En fait, bien d’autres périls écologiques menacent : érosion et dégradation des sols arables, explosion démographique, urbanisation sauvage, destruction des forêts (notamment des écosystèmes tropicaux), diminution des ressources (en eau, énergie, etc.), risques sanitaires (déchets toxiques, pesticides…), pluies acides et délétères, tensio-actifs concentrés dans les embruns (altérant la végétation côtière), extinction de milliers d’espèces, etc.
Tous ces problèmes environnementaux, nous le découvrons aujourd’hui, ont un caractère global. Ces périls concernant l’habitabilité même de la planète, le constat est clair : la « Matrie » – matrice et patrie – (Edgar Morin) est en danger.

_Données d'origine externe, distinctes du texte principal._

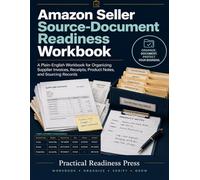 Amazon Seller Source-Document Readiness Workbook: A Plain-English Workbook for Organizing Supplier Invoices, Receipts, Product Notes, and Sourcing Records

Le « contrôle planétaire »
Les discours des scientifiques et des écologistes, relayés en cela depuis peu par les médias et les politiques, se font militants : « menace globale », « état d’urgence », « mobilisation », … Les organismes internationaux resserrent les liens avec la communauté scientifique, notamment autour du Programme des Nations Unies pour l’Environnement (PNUE) et autour d’autres agences des Nations Unies (UNESCO, FAO, OMM, OMS, …). Le programme mondial « Global Change » vise à faire face à cette crise majeure de l’évolution humaine par la mise en place d’un système de surveillance continue de l’environnement global. Un véritable contrôle planétaire s’installe, en vue de « gérer la Terre ». Il nous faut préserver au plus tôt l’ensemble – les restes – du patrimoine-multi millénaire de la Terre. D’où la multiplicité des colloques portant sur tel ou tel aspect de la biosphère ( Montréal, La Haye, Bâle…).
L’ « hypothèse Gaïa »
Dans ce nouveau contexte, l’hypothèse Gaïa est une référence théorique centrale. Selon cette conception issue des sciences de la matière et du vivant, les « enveloppes » de la terre (atmosphère, océans, etc.) et l’ensemble des êtres vivants sur la planète (la biosphère) seraient en interdépendance, en coévolution. La terre se comporterait comme un organisme vivant hautement intégré, capable de contrôler sa composition et son environnement (« autorégulation »).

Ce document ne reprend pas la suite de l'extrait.